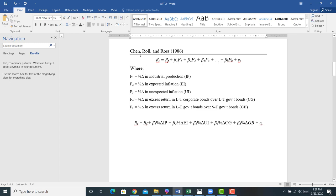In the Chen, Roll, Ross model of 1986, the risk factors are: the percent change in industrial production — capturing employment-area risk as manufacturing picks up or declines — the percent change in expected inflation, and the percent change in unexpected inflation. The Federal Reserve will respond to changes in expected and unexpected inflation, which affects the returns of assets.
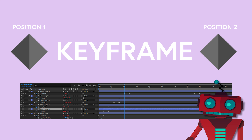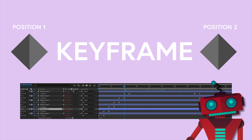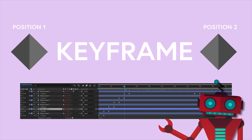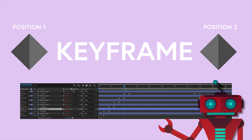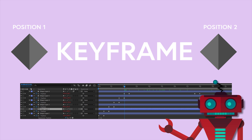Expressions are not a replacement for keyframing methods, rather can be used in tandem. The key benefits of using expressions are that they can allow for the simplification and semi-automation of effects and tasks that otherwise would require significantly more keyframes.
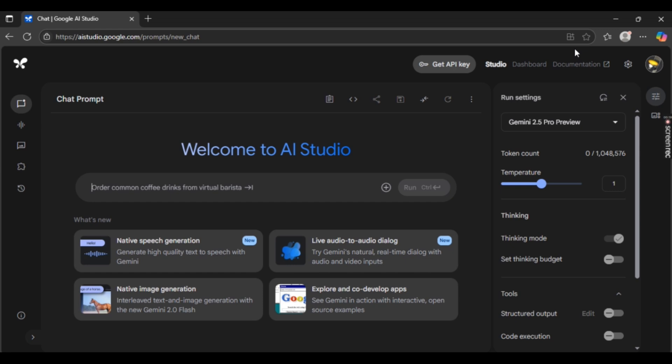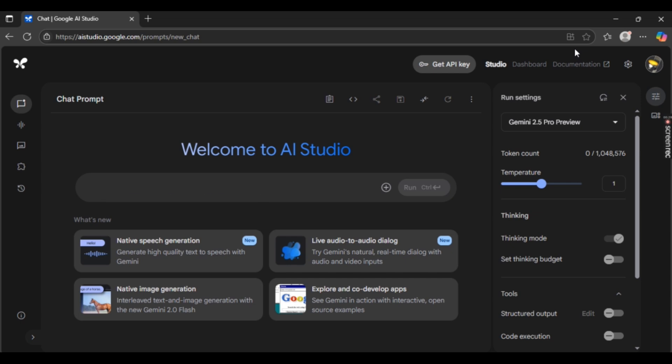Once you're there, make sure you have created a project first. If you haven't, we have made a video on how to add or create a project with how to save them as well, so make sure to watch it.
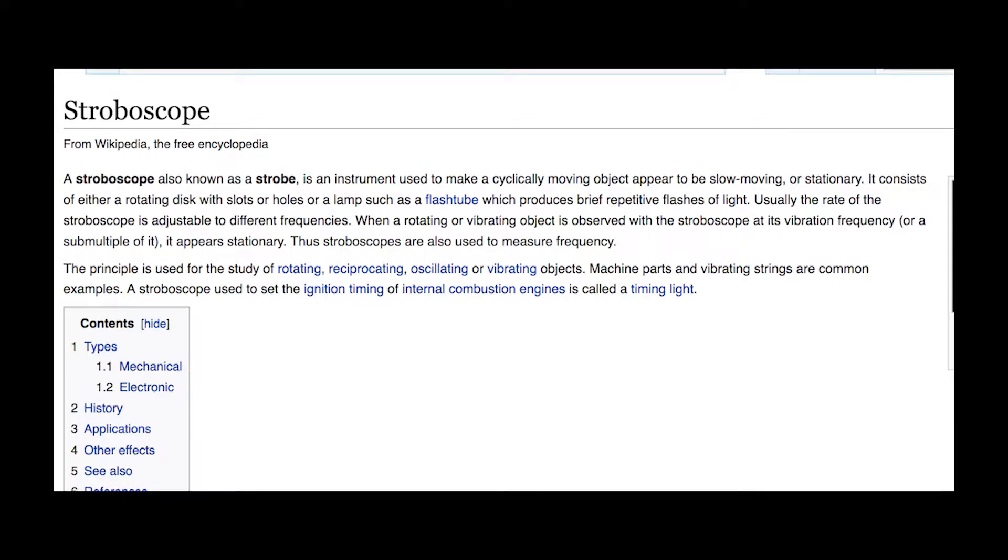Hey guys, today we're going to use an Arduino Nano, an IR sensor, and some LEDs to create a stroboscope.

==

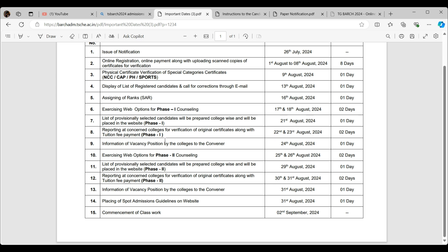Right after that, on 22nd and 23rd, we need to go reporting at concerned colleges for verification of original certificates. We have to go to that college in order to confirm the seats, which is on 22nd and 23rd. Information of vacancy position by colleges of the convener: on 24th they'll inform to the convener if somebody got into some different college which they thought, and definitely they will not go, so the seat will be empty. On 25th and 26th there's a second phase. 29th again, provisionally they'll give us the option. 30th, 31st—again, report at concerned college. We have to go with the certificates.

### Assignment
Set down exactly the lines above, from the line containing "In the Chen, Roll, Ross" through the line containing "Expressions are not". Skip the pictures.

### The completed task
In the Chen, Roll, Ross model of 1986, the risk factors are: the percent change in industrial production — capturing employment-area risk as manufacturing picks up or declines — the percent change in expected inflation, and the percent change in unexpected inflation. The Federal Reserve will respond to changes in expected and unexpected inflation, which affects the returns of assets.
Expressions are not a replacement for keyframing methods, rather can be used in tandem. The key benefits of using expressions are that they can allow for the simplification and semi-automation of effects and tasks that otherwise would require significantly more keyframes.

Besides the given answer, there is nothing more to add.